Challenges to the success of the AfCFTA
There are many challenges currently present across the continent that could dampen the overall success of the AfCFTA. The chief and foremost relate to the generally poor logistical infrastructure across the continent. The Logistical Performance Index (LPI), developed by the World Bank, represents a measure of the efficiency of the customs clearance process, quality of trade- and transport-related infrastructure, ease of arranging competitively priced shipments, quality of logistics services, ability to track and trace consignments, and frequency. The LPI uses a scale of 1-5, and in 2018 only three African countries scored above the global average of 2.87.
Figure 4: Top African countries on the LPI scale
Source: World Bank, Anchor Capital
Furthermore, demand for fresh produce is sensitive to income, i.e., high-income groups account for a large consumption share for most fruits. Thus, the agreement’s implementation must be accompanied by economic growth, increased incomes, and socio-economic upliftment to meet its objectives. These conditions apply to fresh produce trade, as two-thirds of African countries are considered least developed countries (LDCs). As such, economic growth and opportunity for further urbanisation increase the potential for more fresh produce demand.

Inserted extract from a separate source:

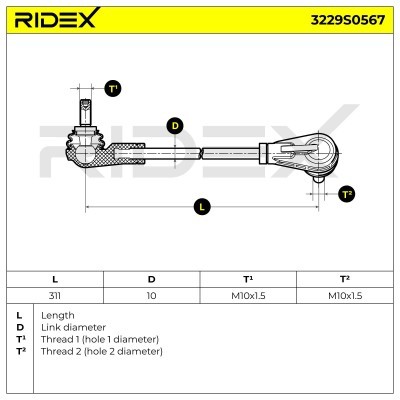 Stabilizer Link RIDEX 3229S0567 3229S0567 - photo 7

Overall, the AfCFTA was signed with the primary objective of increasing intra-Africa trade beyond the scope of the fresh produce trade. Whilst the African continent has made progress since establishing the AfCFTA, the agreement still needs to be implemented, most likely in the same way as the EU trade agreements, but with more ambition and a longer-term vision. For the African continent to make the most of the opportunity the AfCFTA provides, NTMs and other trade barriers must be reduced substantially, with economic growth and rising incomes at the centre of unlocking opportunities as key determinants of trade. Furthermore, investment in logistics and infrastructure is critical to capitalise on Africa’s trade potential, particularly regarding the perishability characteristics of the fresh produce trade.